Ils ont rencontré le Christ

Sur le site de La Croix, recueilli par Florence Chatel, le 27/4/2023

Trois chrétiens reviennent sur le parcours qui les a menés jusqu’au baptême. Un chemin fait de questions et de rencontres de personnes prêtes à accompagner et à écouter.
« En un instant mon cœur fut touché et je crus. » Ces mots de Paul Claudel au sujet de sa conversion le 25 décembre 1886, alors qu’il assistait « avec un plaisir médiocre à la grand-messe » à Notre-Dame, résonnent encore aujourd’hui. Qui n’a pas rêvé qu’il était ainsi foudroyé par l’évidence de Dieu, une conviction telle qu’elle ne laisse plus aucune place au doute ?
Dans ces pages, des hommes et une femme témoignent d’itinéraires plus sinueux entre confiance et doute, recherche intellectuelle et expérience spirituelle. Ils sont originaires de trois continents : européen, asiatique et africain. Tous ont pu un jour demander le baptême grâce à la rencontre d’autres chrétiens qui les ont accueillis avec leurs questionnements, écoutés, accompagnés. Pourquoi leur donner la parole ? Parce qu’en ce temps pascal, leurs récits témoignent de la résurrection du Christ et de la force de la communauté.

En 2013, dans l’exhortation apostolique La Joie de l’Évangile, le pape François invitait « chaque chrétien, en quelque lieu et situation qu’il se trouve, à renouveler aujourd’hui même sa rencontre personnelle avec Jésus-Christ ou, au moins, à prendre la décision de se laisser rencontrer par lui, de le chercher chaque jour sans cesse » (EG 3). Personne ne peut « penser que cette invitation n’est pas pour lui », ajoutait-il, « parce que “personne n’est exclu de la joie que nous apporte le Seigneur” ». Les témoignages de Lucas, Gabrielle et Joseph-Marie voudraient conduire à cette joie. Voir Dieu à l’œuvre dans la vie de quelques-uns soutient l’espérance de tous et rappelle que l’Église est toujours en construction.
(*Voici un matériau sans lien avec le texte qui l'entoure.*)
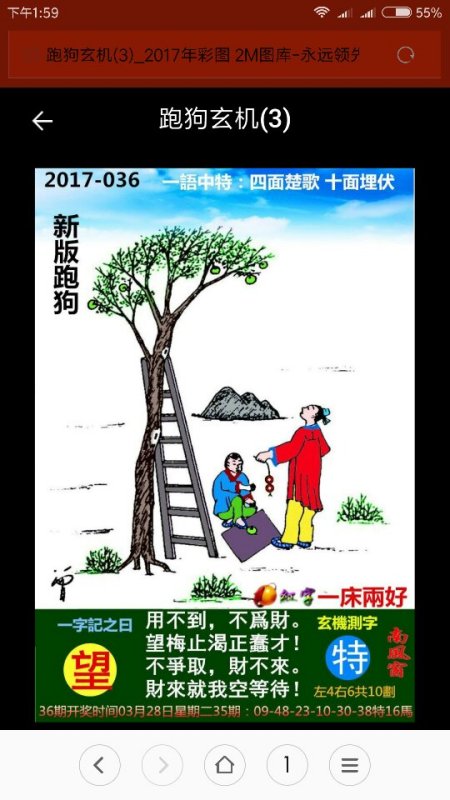 揭秘四面楚歌背后的生肖寓意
« Je suis entrée dans l’église de mon quartier »

Chhor Houng Gabrielle Hui Bon Hoa, 49 ans

Directrice administrative et qualité d’une entreprise agroalimentaire asiatique à Paris, mariée et mère d’une jeune femme

« Depuis que j’ai reçu le baptême lors de la vigile pascale cette année, je me sens sereine, accompagnée par Dieu. Avant, ma religion était le travail. J’étais une machine à gagner de l’argent pour avoir un bon niveau de vie, m’offrir des voyages avec ma famille, satisfaire des besoins matériels. Mais je ressentais parfois un vide dans le cœur.

Mes parents sont bouddhistes, issus de la diaspora chinoise installée au Vietnam et au Cambodge, où je suis née. Après avoir vécu à Taïwan, nous sommes arrivés en France quand j’avais 12 ans. Naturellement, j’ai donc commencé par me tourner vers une association bouddhiste, mais je n’y ai pas trouvé la sérénité que je recherchais.
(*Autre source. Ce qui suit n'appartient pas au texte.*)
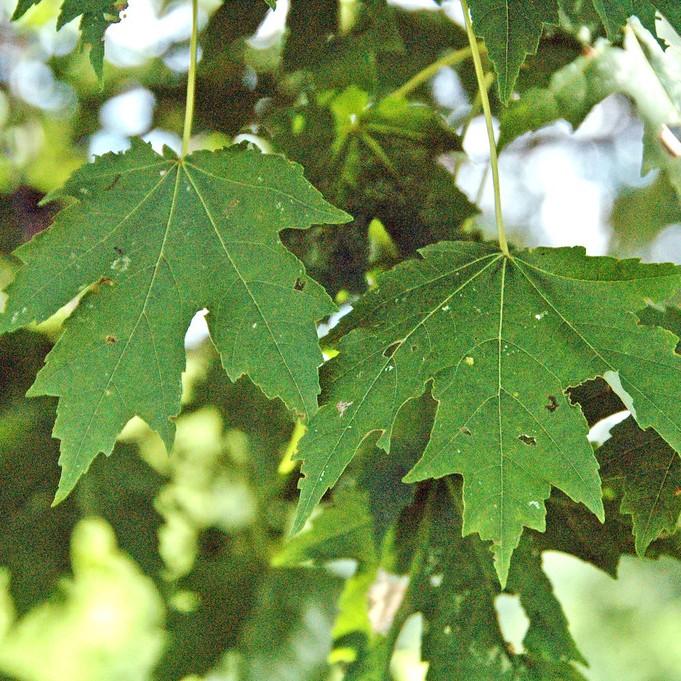 Freeman maple (Acer freemanii 'Scarsen' SCARLET SENTINEL) plant — close-up photo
Un jour d’octobre 2019, il y avait une très belle lumière. Je suis entrée dans l’église de mon quartier, Sainte-Anne de la Butte-aux-Cailles (Paris), pour assister à une messe. En entendant les chants et les prières, j’ai été bouleversée. J’étais tellement touchée par cette atmosphère divine que les larmes me coulaient des yeux.

Après cette expérience, j’ai eu envie de comprendre la religion chrétienne. Le curé de la paroisse m’a proposé de participer à la soirée avec les catéchumènes, tous les quinze jours. Mais dès que nous avons commencé à aborder la Bible, j’ai trouvé cela tellement difficile que j’ai un peu abandonné. J’avais suivi un cycle de conférences sur la peinture religieuse aux Bernardins. L’art sacré, la musique me semblaient beaucoup plus accessibles que les Évangiles.

À un moment, j’ai décroché. Fatiguée après ma journée de travail, je n’avais plus le courage d’aller au catéchuménat. Je m’infligeais des reproches alors que je savais que Dieu me laissait libre d’aller vers lui ou pas. Mon accompagnatrice, Suzanne-Thérèse, continuait de prendre simplement de mes nouvelles. Sans sa bienveillance et son ouverture d’esprit, j’aurais peut-être laissé tomber.

Je n’ai pas eu de mal à croire en Dieu mais à croire que Jésus ait vraiment existé, à prononcer son nom. Je n’arrivais pas à accepter qu’on le représente sur une croix, toute cette souffrance… Lire avec Suzanne-Thérèse le récit de la Passion m’a aidée à le comprendre. Grâce à la série The Chosen, j’ai réussi à mettre un visage sur Jésus. Dernièrement, j’ai regardé le film Jésus de Nazareth de Franco Zeffirelli. C’est d’une beauté ! En juillet, je vais partir à Jérusalem avec la paroisse. Ma fille sera du voyage, juste pour découvrir. Au départ, elle et mon mari étaient surpris que j’aille à l’église. Ils se sont habitués et me soutiennent aujourd’hui.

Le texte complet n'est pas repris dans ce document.